Redakcja Redakcja Na weekend Obserwuj temat Obserwuj notkę 38
- Wejście Polski do Sojuszu to był krok o znaczeniu historycznym dla naszego bezpieczeństwa. Poprawił on naszą sytuację w tej dziedzinie na pokolenia. Początkowo nie dla wszystkich było to jednak oczywiste – mówi Salonowi 24 Jan Parys, pierwszy cywilny minister obrony w rządzie Jana Olszewskiego.

Mijają 24 lata od wejścia Polski do Paktu Północnoatlantyckiego. Jak to wydarzenie wpłynęło na sytuację międzynarodową Polski?

Jan Parys: Wejście Polski do Sojuszu to był krok o znaczeniu historycznym dla naszego bezpieczeństwa. Poprawił on naszą sytuację w tej dziedzinie na pokolenia. Początkowo byliśmy krajem, który był traktowany trochę gorzej, ponieważ przez kilka lat Sojusz nie posiadał planów udzielania nam pomocy w razie agresji. Ale to się po paru latach zmieniło w związku z tym, że Polska prowadziła bardzo wiarygodną politykę obronną i wykazywała się dużą rzetelnością w wypełnianiu zadań, jakie Sojusz stawiał przed swoimi członkami. Wysyłaliśmy żołnierzy na misje zagraniczne, które wspierał Sojusz. Wydawaliśmy 2 proc. PKB na obronę. Jednym słowem było widać, że Polska poważnie traktuje swoje zobowiązania wobec Paktu i stara się być nie tylko biorcą, ale również dawcą bezpieczeństwa.

Sytuacja się wyraźnie poprawiła podczas szczytu NATO w Warszawie. Po pierwsze, udało się wtedy wynegocjować stacjonowanie w Polsce 4 grup batalionowych Sojuszu. A po drugie, udało się w ramach bilateralnej umowy z USA wynegocjować stacjonowanie w Polsce 5 tysięcy żołnierzy amerykańskich. Ten ostatni fakt zupełnie zmienił położenie Polski w ramach równowagi Rosji i Europy. To wtedy wszyscy zrozumieli, że jesteśmy przez główne państwo Sojuszu, czyli przez Stany Zjednoczone, traktowani poważnie. I, że jesteśmy głównym krajem, który ma bronić flanki wschodniej, co się potwierdziło w roku 2022, gdy nastąpiła rosyjska agresja na Ukrainę.


Pan był ministrem obrony pierwszego rządu Jana Olszewskiego i był Pan pierwszym cywilem na czele MON. Jak wyglądała historia starania się Polski o członkostwo w Sojuszu?
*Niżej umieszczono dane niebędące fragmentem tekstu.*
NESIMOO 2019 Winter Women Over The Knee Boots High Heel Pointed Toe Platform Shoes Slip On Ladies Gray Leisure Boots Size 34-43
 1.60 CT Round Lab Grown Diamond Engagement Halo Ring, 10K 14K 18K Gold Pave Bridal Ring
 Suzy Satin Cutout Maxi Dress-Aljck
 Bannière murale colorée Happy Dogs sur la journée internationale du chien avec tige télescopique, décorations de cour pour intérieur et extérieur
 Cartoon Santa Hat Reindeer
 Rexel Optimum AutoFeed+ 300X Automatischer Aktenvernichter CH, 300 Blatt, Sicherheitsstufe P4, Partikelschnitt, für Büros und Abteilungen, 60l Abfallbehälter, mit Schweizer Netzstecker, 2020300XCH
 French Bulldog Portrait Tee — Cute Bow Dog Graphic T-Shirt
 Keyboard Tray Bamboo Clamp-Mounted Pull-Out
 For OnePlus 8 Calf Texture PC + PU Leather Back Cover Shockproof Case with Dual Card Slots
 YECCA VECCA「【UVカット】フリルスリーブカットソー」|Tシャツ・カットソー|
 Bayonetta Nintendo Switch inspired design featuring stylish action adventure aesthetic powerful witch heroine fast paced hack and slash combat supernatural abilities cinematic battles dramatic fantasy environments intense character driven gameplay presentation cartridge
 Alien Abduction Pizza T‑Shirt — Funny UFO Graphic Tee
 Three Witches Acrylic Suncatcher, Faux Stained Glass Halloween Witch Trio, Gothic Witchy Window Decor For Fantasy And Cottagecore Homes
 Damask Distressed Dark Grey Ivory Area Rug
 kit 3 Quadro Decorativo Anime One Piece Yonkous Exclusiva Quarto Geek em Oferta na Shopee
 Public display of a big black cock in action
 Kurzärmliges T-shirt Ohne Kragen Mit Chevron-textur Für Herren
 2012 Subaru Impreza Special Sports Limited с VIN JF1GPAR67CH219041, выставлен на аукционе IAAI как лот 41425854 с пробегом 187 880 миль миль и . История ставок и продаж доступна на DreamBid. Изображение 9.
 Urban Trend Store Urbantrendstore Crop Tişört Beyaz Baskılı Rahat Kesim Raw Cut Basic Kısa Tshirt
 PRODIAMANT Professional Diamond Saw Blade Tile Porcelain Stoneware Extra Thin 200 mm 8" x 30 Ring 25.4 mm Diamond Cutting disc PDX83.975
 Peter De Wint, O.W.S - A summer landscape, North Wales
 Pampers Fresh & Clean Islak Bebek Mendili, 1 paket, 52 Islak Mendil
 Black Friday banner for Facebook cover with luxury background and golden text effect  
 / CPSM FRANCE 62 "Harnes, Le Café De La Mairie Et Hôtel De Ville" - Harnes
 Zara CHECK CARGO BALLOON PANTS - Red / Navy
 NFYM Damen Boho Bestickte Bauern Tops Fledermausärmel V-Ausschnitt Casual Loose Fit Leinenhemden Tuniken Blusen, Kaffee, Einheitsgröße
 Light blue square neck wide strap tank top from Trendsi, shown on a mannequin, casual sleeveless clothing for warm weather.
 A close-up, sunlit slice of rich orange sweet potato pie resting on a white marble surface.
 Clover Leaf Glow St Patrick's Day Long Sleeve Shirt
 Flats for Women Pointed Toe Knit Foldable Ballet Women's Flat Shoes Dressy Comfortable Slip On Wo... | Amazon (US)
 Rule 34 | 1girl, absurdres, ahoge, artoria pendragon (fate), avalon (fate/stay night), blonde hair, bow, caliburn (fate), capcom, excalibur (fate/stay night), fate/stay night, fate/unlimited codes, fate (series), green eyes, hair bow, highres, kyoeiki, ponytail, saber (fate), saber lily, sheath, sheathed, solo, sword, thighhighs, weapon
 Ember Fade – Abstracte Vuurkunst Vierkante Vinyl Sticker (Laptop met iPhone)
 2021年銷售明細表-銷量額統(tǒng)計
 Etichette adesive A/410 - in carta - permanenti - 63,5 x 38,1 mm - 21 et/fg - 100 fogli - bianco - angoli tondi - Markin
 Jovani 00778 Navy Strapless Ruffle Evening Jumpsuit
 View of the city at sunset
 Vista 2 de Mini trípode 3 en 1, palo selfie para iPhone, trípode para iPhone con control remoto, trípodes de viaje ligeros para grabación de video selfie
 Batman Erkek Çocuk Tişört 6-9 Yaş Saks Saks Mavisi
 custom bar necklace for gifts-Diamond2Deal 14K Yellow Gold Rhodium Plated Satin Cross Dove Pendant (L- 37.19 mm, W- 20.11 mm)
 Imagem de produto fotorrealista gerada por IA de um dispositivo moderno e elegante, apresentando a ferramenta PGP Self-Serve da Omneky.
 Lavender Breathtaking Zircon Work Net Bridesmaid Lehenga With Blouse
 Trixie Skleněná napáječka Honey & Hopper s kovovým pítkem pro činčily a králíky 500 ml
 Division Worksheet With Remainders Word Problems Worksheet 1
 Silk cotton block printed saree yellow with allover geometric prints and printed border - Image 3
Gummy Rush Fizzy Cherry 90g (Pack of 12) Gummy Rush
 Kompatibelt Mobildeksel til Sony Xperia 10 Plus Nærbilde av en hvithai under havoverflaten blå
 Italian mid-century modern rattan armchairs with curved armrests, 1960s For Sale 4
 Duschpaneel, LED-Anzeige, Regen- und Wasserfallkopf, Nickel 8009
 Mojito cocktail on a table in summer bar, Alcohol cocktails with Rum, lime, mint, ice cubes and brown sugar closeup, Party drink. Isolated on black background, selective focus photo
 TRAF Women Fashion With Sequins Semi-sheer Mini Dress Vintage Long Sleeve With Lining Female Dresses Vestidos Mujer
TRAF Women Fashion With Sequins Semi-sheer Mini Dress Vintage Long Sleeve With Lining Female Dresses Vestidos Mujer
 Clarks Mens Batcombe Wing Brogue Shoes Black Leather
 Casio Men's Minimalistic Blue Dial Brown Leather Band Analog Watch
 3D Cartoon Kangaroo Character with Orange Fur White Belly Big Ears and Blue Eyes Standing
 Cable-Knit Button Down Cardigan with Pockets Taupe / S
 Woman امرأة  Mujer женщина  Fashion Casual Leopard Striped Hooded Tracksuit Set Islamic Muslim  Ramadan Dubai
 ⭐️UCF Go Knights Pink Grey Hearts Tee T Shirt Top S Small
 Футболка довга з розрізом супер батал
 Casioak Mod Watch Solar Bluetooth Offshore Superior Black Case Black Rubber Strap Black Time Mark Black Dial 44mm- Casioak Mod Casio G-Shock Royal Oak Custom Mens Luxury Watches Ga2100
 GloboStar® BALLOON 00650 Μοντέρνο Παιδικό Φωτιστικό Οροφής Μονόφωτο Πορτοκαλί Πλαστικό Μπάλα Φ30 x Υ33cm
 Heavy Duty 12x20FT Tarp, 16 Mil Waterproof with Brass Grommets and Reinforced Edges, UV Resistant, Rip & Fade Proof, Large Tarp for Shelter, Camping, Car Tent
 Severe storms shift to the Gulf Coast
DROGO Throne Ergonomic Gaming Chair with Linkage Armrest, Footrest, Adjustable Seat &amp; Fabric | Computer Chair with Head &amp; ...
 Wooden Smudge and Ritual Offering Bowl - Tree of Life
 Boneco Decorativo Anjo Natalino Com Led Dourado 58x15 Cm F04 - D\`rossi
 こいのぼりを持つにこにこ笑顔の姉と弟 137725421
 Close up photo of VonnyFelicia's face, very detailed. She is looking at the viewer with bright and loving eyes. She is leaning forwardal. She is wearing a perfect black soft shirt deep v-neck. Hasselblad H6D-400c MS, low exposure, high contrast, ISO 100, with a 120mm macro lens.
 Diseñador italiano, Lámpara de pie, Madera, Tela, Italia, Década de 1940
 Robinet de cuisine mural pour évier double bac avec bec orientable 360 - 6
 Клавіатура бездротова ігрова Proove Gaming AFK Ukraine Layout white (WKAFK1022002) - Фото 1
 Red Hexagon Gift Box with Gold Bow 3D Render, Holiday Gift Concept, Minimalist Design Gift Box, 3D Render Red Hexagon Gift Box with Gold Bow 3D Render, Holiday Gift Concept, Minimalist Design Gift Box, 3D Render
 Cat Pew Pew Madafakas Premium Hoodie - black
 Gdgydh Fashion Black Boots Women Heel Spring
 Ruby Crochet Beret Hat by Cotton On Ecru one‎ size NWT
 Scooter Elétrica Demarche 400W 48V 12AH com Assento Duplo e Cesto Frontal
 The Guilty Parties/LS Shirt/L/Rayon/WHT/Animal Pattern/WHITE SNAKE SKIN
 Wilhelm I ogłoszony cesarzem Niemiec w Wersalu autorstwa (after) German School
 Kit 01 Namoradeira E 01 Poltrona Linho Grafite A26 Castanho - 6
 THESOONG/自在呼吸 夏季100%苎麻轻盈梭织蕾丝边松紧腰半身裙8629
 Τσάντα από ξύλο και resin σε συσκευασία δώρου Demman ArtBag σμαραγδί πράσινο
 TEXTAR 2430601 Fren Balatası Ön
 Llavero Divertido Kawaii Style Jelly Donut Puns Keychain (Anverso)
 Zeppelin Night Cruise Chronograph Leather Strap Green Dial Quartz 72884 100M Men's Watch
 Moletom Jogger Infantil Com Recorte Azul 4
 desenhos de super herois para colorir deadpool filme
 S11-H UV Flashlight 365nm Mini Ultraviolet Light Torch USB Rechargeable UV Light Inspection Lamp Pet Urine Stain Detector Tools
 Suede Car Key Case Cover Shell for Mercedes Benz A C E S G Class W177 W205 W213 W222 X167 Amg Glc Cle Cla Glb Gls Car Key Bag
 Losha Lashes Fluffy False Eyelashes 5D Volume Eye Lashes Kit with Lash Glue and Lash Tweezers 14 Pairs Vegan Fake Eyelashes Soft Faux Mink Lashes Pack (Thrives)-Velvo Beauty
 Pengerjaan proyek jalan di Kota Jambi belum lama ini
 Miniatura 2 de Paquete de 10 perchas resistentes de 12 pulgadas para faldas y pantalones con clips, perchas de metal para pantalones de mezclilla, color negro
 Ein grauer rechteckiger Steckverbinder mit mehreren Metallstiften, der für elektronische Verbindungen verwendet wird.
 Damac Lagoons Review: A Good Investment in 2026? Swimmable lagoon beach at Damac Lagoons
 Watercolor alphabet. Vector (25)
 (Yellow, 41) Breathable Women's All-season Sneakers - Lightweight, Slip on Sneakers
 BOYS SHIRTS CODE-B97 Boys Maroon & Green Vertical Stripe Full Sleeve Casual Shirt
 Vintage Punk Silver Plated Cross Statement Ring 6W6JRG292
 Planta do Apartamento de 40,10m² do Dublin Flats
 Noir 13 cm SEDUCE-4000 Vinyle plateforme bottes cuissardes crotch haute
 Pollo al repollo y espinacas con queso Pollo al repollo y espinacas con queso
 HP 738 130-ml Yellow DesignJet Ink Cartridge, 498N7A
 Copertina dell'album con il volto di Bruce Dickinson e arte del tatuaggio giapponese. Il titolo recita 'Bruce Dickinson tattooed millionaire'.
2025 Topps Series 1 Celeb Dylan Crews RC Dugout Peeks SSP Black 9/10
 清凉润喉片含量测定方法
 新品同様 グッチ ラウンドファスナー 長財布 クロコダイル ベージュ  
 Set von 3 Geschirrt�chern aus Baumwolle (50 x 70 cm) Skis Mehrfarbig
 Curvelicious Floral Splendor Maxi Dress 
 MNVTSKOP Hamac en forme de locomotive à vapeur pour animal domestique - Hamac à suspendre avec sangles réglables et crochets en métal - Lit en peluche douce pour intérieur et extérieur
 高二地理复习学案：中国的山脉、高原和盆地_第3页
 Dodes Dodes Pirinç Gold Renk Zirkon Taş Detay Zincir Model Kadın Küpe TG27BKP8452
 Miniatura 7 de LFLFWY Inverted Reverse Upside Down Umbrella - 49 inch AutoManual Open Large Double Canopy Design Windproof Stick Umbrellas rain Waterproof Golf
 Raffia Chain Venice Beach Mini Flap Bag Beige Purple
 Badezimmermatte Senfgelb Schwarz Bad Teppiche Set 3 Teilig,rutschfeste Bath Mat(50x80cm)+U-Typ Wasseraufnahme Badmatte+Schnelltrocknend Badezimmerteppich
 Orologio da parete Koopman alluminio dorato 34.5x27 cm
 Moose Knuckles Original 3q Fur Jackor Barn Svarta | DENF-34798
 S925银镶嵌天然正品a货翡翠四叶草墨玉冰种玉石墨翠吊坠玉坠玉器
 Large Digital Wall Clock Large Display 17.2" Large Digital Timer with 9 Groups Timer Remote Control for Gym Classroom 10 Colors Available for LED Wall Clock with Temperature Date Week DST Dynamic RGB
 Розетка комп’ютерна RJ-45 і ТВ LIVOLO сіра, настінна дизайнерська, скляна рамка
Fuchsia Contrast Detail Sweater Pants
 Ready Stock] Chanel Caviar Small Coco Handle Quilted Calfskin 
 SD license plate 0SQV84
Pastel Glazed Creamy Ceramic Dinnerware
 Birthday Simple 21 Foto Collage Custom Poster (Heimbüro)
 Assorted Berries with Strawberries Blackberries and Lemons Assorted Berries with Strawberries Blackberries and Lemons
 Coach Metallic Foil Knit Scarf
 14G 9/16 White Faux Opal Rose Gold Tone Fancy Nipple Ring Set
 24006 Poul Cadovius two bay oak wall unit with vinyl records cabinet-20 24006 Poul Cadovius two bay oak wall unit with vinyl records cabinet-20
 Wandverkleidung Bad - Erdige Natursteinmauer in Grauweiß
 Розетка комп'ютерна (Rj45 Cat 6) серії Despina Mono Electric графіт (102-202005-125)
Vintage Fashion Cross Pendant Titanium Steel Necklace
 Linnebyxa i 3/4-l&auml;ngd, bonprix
Kiedy premierem został Jan Olszewski, ja miałem zaszczyt być ministrem obrony w jego rządzie. Przypadł mi obowiązek realizowania tej prozachodniej polityki obronnej. Trzeba było po prostu zapewnić Polsce bezpieczeństwo w sytuacji, w której Układ Warszawski został rozwiązany, a blok sowiecki się rozpadł. Wejście do NATO nie dla wszystkich było wtedy oczywiste. Były wtedy takie koncepcje, by Polska była krajem w szarej strefie, pomiędzy Wschodem a Zachodem. To była idea, która z punktu widzenia bezpieczeństwa kraju była bardzo niedobra i właściwie ściągała na nasze państwo ryzyko. Stąd premier Olszewski już w swoim exposé zapowiedział, że rząd będzie dążył do zbudowania współpracy z Sojuszem Północnoatlantyckim. Zaznaczam, że mówił o współpracy, bo nie można było jeszcze mówić o członkostwie. Aby uczynić do współpracy pierwszy krok, konieczne było podpisanie umowy o całkowitym wycofaniu wojsk radzieckich z Polski. To był warunek, żeby Polska zaczęła być traktowana jako kraj samodzielny i suwerenny.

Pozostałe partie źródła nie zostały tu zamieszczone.